Task Management: Prevent Mice from Becoming Elephants
It’s fascinating how we can work on big opportunities, big challenges, important decisions and manage high pressure well – and then the tiniest thing can really stress us out. Like in a cartoon I watched as a child where a massive elephant was afraid of a tiny mouse.
Sometimes we get a backlog of little mice – 20, 40 or 100 of them scampering around our feet. Although there is no real danger and they are minuscule on the scale of what we deal with, they distract us, weigh us down and make us crabby.
They own you. They show up in your sleep and haunt your days until those mice become as big as elephants.
In my book, I call these Toads: all the annoying little things that you procrastinate dealing with which, once done, free your time and energy for bigger and better things (Chapter 5 Your Oxygen Mask First).

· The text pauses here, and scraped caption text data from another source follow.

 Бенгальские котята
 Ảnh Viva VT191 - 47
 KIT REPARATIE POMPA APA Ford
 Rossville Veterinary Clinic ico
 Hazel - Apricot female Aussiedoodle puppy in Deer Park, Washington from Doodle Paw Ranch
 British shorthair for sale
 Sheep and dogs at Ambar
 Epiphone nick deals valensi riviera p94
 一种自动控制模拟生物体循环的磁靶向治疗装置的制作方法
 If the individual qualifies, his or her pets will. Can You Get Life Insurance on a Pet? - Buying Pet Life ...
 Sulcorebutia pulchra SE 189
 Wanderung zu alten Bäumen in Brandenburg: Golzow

The little things you procrastinate consume far, far more energy than you believe – and that they deserve.
I’ve seen many successful leaders – distracted by loose ends tangling in their brains – taken down or reduced to lesser versions of themselves.
As silly as it may sound, sometimes we need an extra nudge and a reminder to get these things out of the way – like the CEO I currently work with who has been putting off renewing his driver’s license and getting a colonoscopy.
Name Your Toads
As part of our Quarterly planning and goal setting process, we ask people set their top goals for Work, Self and Life and to make a list of their toads in each area because, no matter how hard you push forward, they are like elastic bands, tied to your ankle and holding you back.

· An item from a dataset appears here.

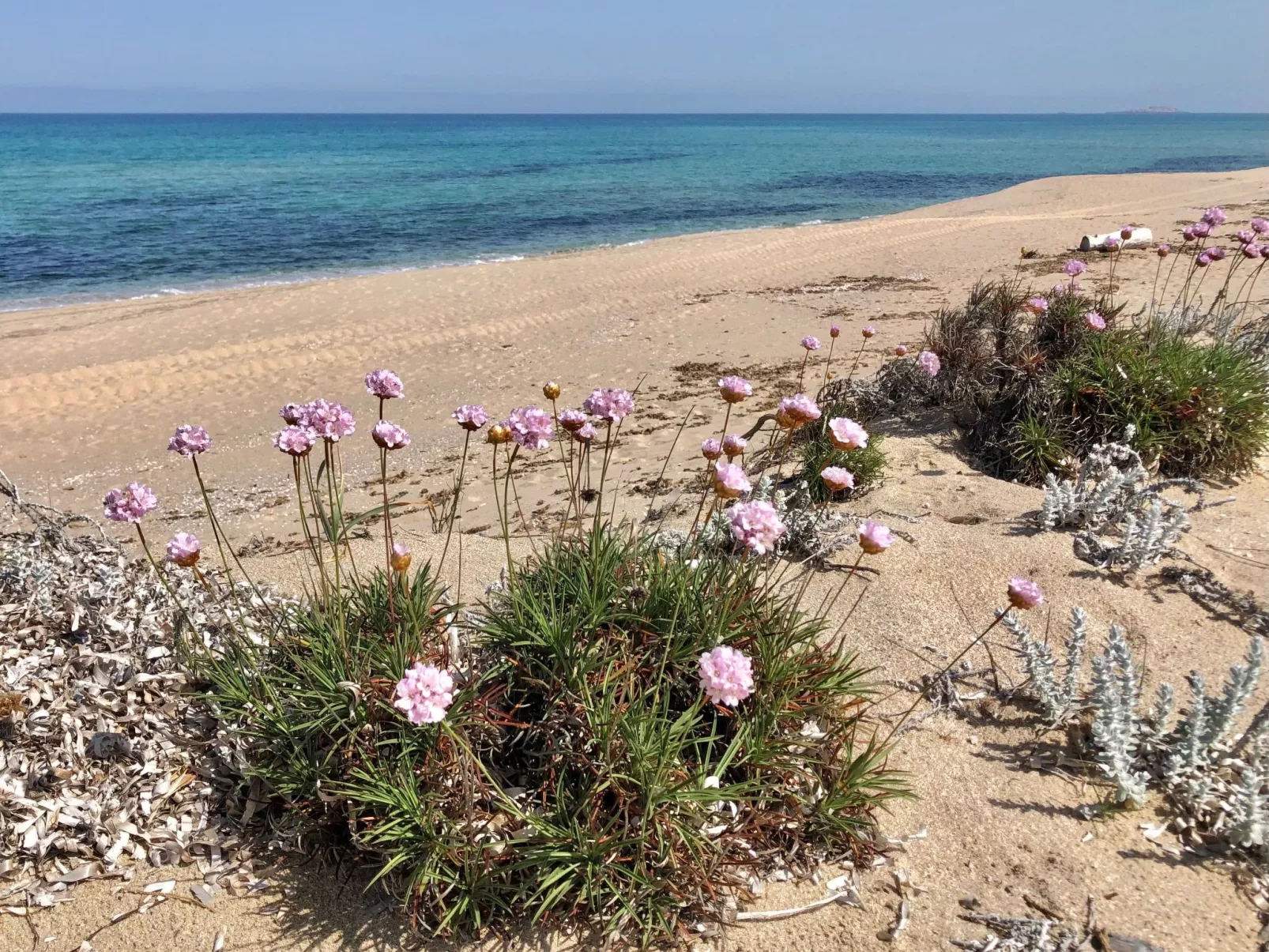 'Villa verde' in Strandnähe-Image-tags.info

The 5 D’s of Task Management
Here are five standard ways to lick a toad. Choose the one that makes the most sense for the situation:
- Do it. Bite the bullet immediately.
- Don’t do it. Say ‘no’ to the person who requested it, if it’s simply not yours to do.
- Delegate it. Assign an appropriate person.
- Delete it. Let go of it entirely. Decide it’s not going to happen.
- Date it. Commit to completing it by a specific date sometime down the road. Do not use this as a default. Only apply this when now truly is not the right time to deal with the task.
The funniest thing? You’ll find that, after thinking about your toads for days, months or years, dealing with them is never as bad – or as time-consuming – as you thought.
The Challenge
- What are the toads you need to lick this month – the top two in each area of your Work, Self and Life that you think about the most?
- Which of task management D’s are you going to apply to those toads?